James M. Berklan

Does the Centers for Medicare & Medicaid Services need its own deputy sheriff to set its house in order? Some seem to think so.

It seems like every few months there’s a federal report trumpeting how many millions or billions of dollars have been recovered after incorrect government payouts were made. 

Some reports show the amount recovered has substantially shrunk. But does that mean there is less going out improperly in the first place, or that there is simply less rigorous investigating going on?

No matter, according to a group of lawmakers. Their point is that the reclamation process should not have to take place.

Their motto, using Barney Fife-speak, would have to be “Nip it in the bud!”

Rather than lauding the efforts of auditors and prosecutors to reclaim misspent taxpayer dollars, Sen. Orrin Hatch (R-UT) and pals are criticizing the administration’s approach. The “pay-and-chase” method, as they call it, is out of date, they say.

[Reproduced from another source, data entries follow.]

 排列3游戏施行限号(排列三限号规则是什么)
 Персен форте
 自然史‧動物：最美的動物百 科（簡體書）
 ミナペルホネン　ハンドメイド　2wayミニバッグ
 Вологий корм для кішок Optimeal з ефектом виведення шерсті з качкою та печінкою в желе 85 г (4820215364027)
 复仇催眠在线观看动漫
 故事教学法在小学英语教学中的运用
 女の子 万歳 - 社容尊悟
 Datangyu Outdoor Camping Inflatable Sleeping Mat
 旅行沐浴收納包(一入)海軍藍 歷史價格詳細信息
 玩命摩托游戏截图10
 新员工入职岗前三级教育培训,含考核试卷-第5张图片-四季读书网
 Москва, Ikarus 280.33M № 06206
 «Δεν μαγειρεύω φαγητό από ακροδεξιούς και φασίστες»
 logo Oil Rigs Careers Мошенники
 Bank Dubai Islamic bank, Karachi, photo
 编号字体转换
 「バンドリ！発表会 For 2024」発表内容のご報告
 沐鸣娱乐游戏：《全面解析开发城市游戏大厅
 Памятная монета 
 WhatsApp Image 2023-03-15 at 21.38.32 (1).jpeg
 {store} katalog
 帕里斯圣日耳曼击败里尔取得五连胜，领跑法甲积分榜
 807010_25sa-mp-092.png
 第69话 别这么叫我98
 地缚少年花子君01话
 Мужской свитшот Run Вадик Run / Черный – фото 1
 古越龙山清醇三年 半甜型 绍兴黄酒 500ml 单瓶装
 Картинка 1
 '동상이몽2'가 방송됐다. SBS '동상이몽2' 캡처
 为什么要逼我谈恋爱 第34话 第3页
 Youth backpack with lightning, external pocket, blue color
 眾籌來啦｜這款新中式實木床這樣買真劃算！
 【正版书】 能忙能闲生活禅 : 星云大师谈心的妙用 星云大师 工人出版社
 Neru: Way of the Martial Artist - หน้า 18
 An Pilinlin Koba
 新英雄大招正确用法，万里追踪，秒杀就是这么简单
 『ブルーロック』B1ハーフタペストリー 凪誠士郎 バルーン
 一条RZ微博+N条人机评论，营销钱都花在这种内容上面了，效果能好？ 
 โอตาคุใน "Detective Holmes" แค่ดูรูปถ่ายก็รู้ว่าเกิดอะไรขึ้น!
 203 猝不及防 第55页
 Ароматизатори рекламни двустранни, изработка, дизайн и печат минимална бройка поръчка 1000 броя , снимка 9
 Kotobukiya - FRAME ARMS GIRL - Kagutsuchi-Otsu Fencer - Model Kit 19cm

While Democrats and administration officials might accuse Hatch et. al. of being buzz kills, the latter could have a very good point. File it under the “ounce of prevention is better than a pound of cure” maxim.

Some say it comes down to preventive vs. reactive maintenance. Prevent the mess rather than clean it up later. We know there WILL be messes if nothing is done, especially when it comes to federal programs and the abuse they suffer. It’s a bit like the old Fram Oil Filter commercial: “You can pay me now or pay me later.”

One thing everybody can agree on is that the 12.1% error rate that Medicare’s fee-for-service programs experienced last year was far too high.

Let there be no mystery then why the phrase “value-based purchasing” is so prevalent in healthcare reimbursement discussions today.

Sen. Hatch and fellow letter writers asked for information about the fraud filters the administration uses, along with the process that the Centers for Medicare & Medicaid Services uses to gauge the effectiveness of fraud-prevention efforts. It will be interesting to see what comes of it, if anything.

One theory is that providers could face more stringent checks-and-balances and tougher payment criteria in the future.

That’s not the bullet they’re hoping for, I’m sure.